BEGIN Records provided
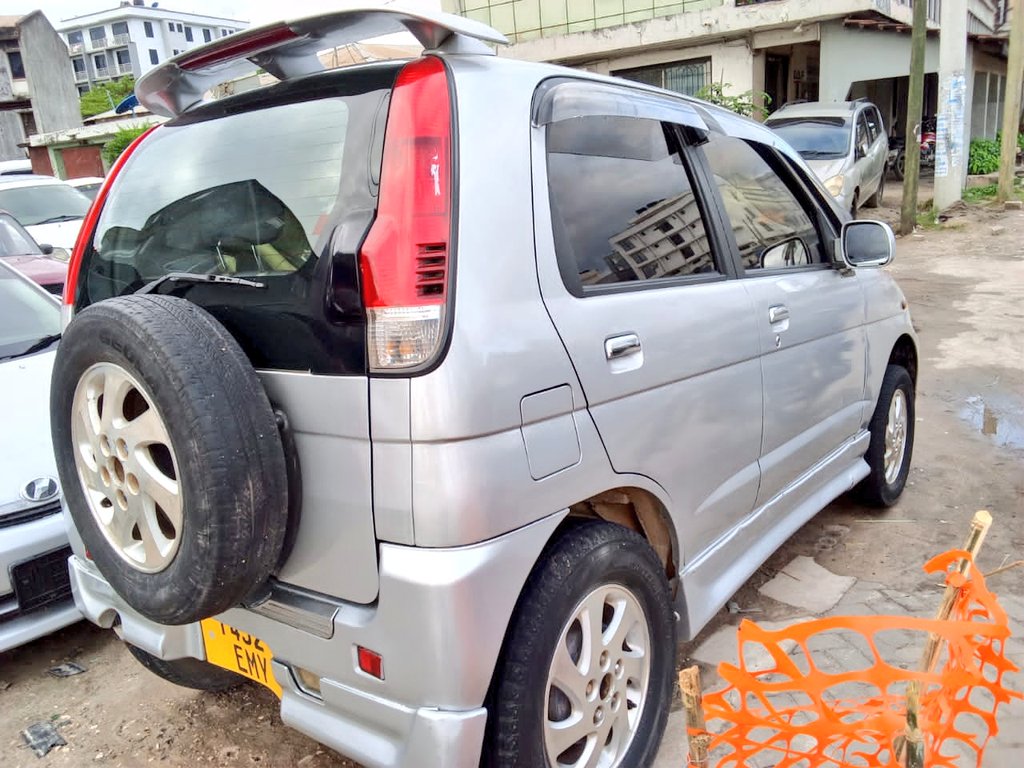 Eng_Matarra's tweet photo. #Budget 8M
TERIOS KID 🔥🔥🔥
REG" #EMY
▪️Cc. 660
▪️Full Ac 🌨
▪️Fog lights
▪️Petrol ⛽️ auto
▪️Clean seats 💺
▪️Four new tyres
▪️Full Documents ✅️
IPO DAR
MAFUTA KISODA
CALL/WHATSAPP-0719542184 https://t.co/mQKnA0p9Dw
END Records provided
The whole of the data needs to be copied word for word, though not its pictures.

Output of the exercise:
 Eng_Matarra's tweet photo. #Budget 8M
TERIOS KID 🔥🔥🔥
REG" #EMY
▪️Cc. 660
▪️Full Ac 🌨
▪️Fog lights
▪️Petrol ⛽️ auto
▪️Clean seats 💺
▪️Four new tyres
▪️Full Documents ✅️
IPO DAR
MAFUTA KISODA
CALL/WHATSAPP-0719542184 https://t.co/mQKnA0p9Dw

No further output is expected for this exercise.